I took a brief break from C# and cracked open a book I got a few months ago about the F# programming language. Functional programming is making a comeback it seems. I’ve done some work in Clojure and Lisp in the last few years. In addition I heard Javascript referred to as “Lisp in C’s Clothing” so that might count as well.

If JS is Lisp in C’s Clothing, I have no idea what clothing F# is wearing.

Rather than the traditional “Hello World” the first bits of code that we wrote was an implementation of a reverse polish notation calculator program.

Reverse Polish Notation Calculator in F#

The code for the function itself reminds me of writing grammars for ANTRL. I have no idea what “|” “|>” or “::” are doing in this context, but I can’t wait to find out. I was starting to get discouraged, but then following this code example the author reassures us.

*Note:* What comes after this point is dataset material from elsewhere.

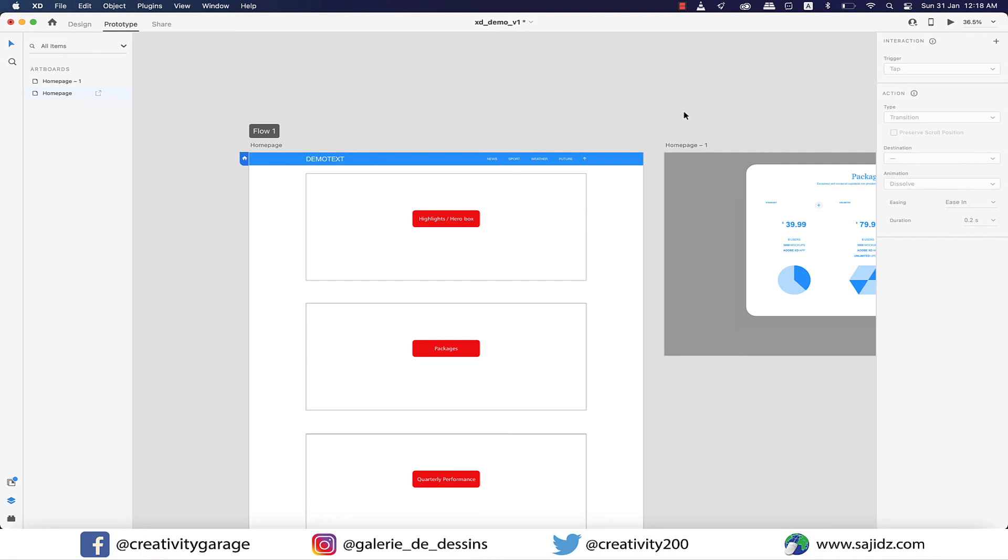So that's how you create a pop-up box in Adobe XD. Okay, it's another short one today, so I'm gonna see you in the next one pretty soon. Until then, goodbye and thanks for watching.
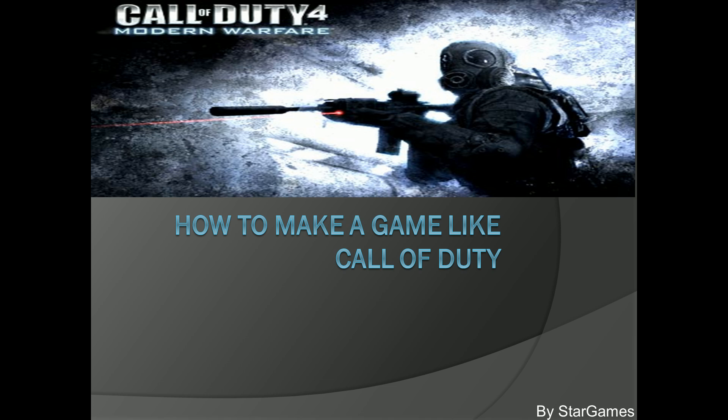Hello everybody, this is Lassa, and today we're going to start our intro to our tutorial series: How to Make a Game Like Call of Duty.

“Don’t be discouraged if the RPN calculator code doesn’t make much sense right now; that’s the point! ”

Excerpt From: Dave Fancher. “The Book of F#: Breaking Free with Managed Functional Programming.” iBooks.

I am excited that I got all of this working out of the box on my Macbook. F# comes baked into the latest version of the dotnet core SDK. You can start a new F# project with the following incantation:

dotnet new console -lang F# -n MyFirstFSharpProject

You can run it with:

dotnet run

Like any good Lisp, F# comes with a built in REPL. It seems you need to install mono in order to get this to work. I was able to do it with homebrew.

brew install mono

Then you can fire up an F# repl with


You can test it out and make sure it works with a simple example.

> let greeting = "Hello from the F# REPL!"
- greeting;;

// output should be 
val greeting : string = "Hello from the F# REPL!"
val it : string = "Hello from the F# REPL!"

I’m looking forward to learning a bit more F#. It is one of the out of the box supported languages on Azure Notebooks.